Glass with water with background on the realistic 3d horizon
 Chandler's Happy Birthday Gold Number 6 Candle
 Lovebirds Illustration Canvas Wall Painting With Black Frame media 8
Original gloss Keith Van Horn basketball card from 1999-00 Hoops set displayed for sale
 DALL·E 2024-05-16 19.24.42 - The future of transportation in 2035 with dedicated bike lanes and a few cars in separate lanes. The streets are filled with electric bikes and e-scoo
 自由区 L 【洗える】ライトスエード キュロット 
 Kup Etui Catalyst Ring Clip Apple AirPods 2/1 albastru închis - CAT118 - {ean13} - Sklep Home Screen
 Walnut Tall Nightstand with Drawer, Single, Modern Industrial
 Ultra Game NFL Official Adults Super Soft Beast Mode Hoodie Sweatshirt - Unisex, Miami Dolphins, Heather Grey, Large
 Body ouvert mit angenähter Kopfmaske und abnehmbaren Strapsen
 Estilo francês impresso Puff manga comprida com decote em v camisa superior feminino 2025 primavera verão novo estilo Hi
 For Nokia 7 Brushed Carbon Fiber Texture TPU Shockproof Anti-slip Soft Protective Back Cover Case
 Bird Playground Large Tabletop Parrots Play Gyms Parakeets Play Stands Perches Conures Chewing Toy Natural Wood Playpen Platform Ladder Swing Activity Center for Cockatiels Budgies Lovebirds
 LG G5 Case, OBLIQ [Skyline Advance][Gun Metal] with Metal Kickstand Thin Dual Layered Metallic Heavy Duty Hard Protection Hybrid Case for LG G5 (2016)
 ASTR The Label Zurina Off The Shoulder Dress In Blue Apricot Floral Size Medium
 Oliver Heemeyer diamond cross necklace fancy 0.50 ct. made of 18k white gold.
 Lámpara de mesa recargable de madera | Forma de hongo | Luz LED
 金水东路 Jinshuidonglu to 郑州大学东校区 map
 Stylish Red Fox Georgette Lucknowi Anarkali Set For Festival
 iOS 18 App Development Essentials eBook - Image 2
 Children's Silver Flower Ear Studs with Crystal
------
(What you have to do) Repeat the data above. Change nothing.

(Reply to the task)
Glass with water with background on the realistic 3d horizon
 Chandler's Happy Birthday Gold Number 6 Candle
 Lovebirds Illustration Canvas Wall Painting With Black Frame media 8
Original gloss Keith Van Horn basketball card from 1999-00 Hoops set displayed for sale
 DALL·E 2024-05-16 19.24.42 - The future of transportation in 2035 with dedicated bike lanes and a few cars in separate lanes. The streets are filled with electric bikes and e-scoo
 自由区 L 【洗える】ライトスエード キュロット 
 Kup Etui Catalyst Ring Clip Apple AirPods 2/1 albastru închis - CAT118 - {ean13} - Sklep Home Screen
 Walnut Tall Nightstand with Drawer, Single, Modern Industrial
 Ultra Game NFL Official Adults Super Soft Beast Mode Hoodie Sweatshirt - Unisex, Miami Dolphins, Heather Grey, Large
 Body ouvert mit angenähter Kopfmaske und abnehmbaren Strapsen
 Estilo francês impresso Puff manga comprida com decote em v camisa superior feminino 2025 primavera verão novo estilo Hi
 For Nokia 7 Brushed Carbon Fiber Texture TPU Shockproof Anti-slip Soft Protective Back Cover Case
 Bird Playground Large Tabletop Parrots Play Gyms Parakeets Play Stands Perches Conures Chewing Toy Natural Wood Playpen Platform Ladder Swing Activity Center for Cockatiels Budgies Lovebirds
 LG G5 Case, OBLIQ [Skyline Advance][Gun Metal] with Metal Kickstand Thin Dual Layered Metallic Heavy Duty Hard Protection Hybrid Case for LG G5 (2016)
 ASTR The Label Zurina Off The Shoulder Dress In Blue Apricot Floral Size Medium
 Oliver Heemeyer diamond cross necklace fancy 0.50 ct. made of 18k white gold.
 Lámpara de mesa recargable de madera | Forma de hongo | Luz LED
 金水东路 Jinshuidonglu to 郑州大学东校区 map
 Stylish Red Fox Georgette Lucknowi Anarkali Set For Festival
 iOS 18 App Development Essentials eBook - Image 2
 Children's Silver Flower Ear Studs with Crystal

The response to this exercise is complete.